Day 26–30: Build a 90-Day Recovery Plan
Use what you learned to create a short plan that guides actions and measurements.
- Set 3 clear goals. Example: reach $X cash balance, reduce monthly burn by Y%, or increase weekly sales by Z%.
- Weekly scorecard. Track: cash on hand, weekly sales, top 5 customer orders, and runway in days.
- Assign owners. Who calls major customer A? Who negotiates rent? Who runs the cash report each Monday?

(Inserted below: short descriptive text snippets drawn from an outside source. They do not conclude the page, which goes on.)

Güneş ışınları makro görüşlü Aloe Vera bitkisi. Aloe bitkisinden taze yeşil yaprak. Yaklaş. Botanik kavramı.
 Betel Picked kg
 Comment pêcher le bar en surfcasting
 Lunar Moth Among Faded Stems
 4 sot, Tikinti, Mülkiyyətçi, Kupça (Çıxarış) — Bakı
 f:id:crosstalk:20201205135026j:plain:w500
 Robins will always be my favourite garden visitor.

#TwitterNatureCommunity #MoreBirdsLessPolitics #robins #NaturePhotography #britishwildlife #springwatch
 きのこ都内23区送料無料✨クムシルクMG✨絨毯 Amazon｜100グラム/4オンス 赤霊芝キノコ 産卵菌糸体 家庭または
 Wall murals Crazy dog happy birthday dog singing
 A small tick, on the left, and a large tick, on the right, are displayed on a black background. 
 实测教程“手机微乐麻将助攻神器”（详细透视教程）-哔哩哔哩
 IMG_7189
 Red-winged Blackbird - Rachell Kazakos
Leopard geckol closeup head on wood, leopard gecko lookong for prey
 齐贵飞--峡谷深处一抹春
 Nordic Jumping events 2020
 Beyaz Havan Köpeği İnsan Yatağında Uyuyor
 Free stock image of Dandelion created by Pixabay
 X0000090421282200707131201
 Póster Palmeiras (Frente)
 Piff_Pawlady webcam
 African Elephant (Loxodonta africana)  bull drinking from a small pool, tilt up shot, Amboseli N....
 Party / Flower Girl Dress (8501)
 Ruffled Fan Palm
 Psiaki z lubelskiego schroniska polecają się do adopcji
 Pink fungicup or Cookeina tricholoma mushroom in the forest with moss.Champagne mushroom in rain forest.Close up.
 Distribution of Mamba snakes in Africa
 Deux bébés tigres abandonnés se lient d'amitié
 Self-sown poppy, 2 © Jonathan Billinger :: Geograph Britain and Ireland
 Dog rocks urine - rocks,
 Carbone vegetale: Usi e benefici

- Decision checkpoints. If runway < 30 days after two weeks, trigger emergency options: outside investor contact, formal restructuring, or controlled wind down.
Simple Checklists
Emergency Cash Checklist (next 72 hours)
- Count cash + credit available
- Call top 5 overdue customers
- Pause nonessentials spending
- Call landlord and bank
Weekly Scorecard (one page)
- Cash on hand
- Receipts expected next 7 days
- Payroll due
- Fixed costs due
- Runway in days
Decision Rules to Use
- Keep only items that are both profitable and core to customers.
- If runway < 14 days, focus only on immediate cash (collect, sell, borrow) and prepare contingency for closure.
- Prioritize payments: payroll and critical suppliers first; unsecured creditors last—use negotiations to delay.
Short Examples
Example A — Café with 10 days runway:
- Freeze catering expansion, pause orders for new equipment, call landlord to defer rent 30 days, run a 3-day gift-card sale for immediate cash, ask suppliers for net-30 on new deliveries.
Example B — Small manufacturer with late orders:
- Require 40% deposits on custom orders, call major client to speed up payment, shift production to best-margin product line, negotiate temporary lower raw-material pre-payments.
What to Communicate—and How
- Be honest, brief, and action-focused with staff: explain the problem, steps you’re taking, and what you need from them.
- With customers: reassure service will continue for core offerings and offer short-term incentives for early payment.
- With creditors: present a short plan, show how you’ll pay something now, and request specific relief.
Last Notes
Act quickly, prioritize cash, and make decisions based on simple rules you can explain to others. A focused 30-day effort can stabilize your business and buy time to rebuild or choose the right next step.